## [Assignment]
One part of the entries below is wanted: the lines from the one containing "<span class='glyphicon glyphicon-cloud-download'></span>" through the one containing "<span></span>". Write those out exactly and nothing else.

## [Data listing]
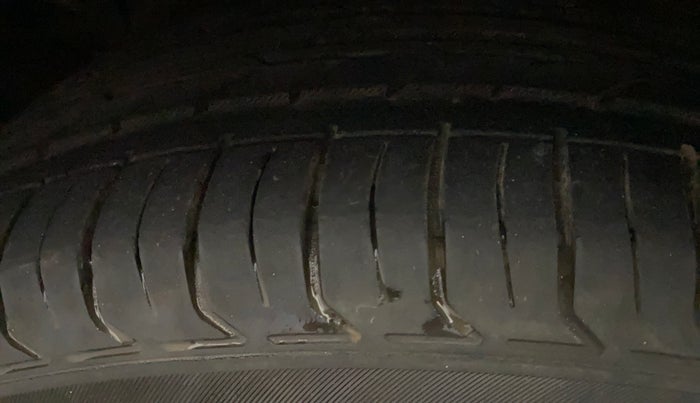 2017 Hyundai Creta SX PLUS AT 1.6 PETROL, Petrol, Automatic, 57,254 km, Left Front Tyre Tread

---

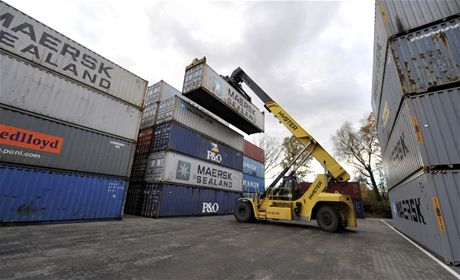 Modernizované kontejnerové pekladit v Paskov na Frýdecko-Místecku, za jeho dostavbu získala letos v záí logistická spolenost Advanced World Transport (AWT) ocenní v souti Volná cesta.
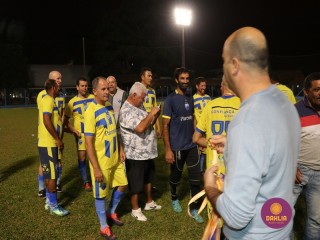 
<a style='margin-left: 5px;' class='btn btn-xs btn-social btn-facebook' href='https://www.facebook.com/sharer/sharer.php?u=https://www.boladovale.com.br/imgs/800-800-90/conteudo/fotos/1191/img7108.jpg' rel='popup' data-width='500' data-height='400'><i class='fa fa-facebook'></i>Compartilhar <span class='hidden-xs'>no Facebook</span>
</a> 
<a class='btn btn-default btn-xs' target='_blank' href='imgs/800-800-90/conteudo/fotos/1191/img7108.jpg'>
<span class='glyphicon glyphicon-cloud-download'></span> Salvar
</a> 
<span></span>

## [Output for this exercise]
<span class='glyphicon glyphicon-cloud-download'></span> Salvar
</a> 
<span></span>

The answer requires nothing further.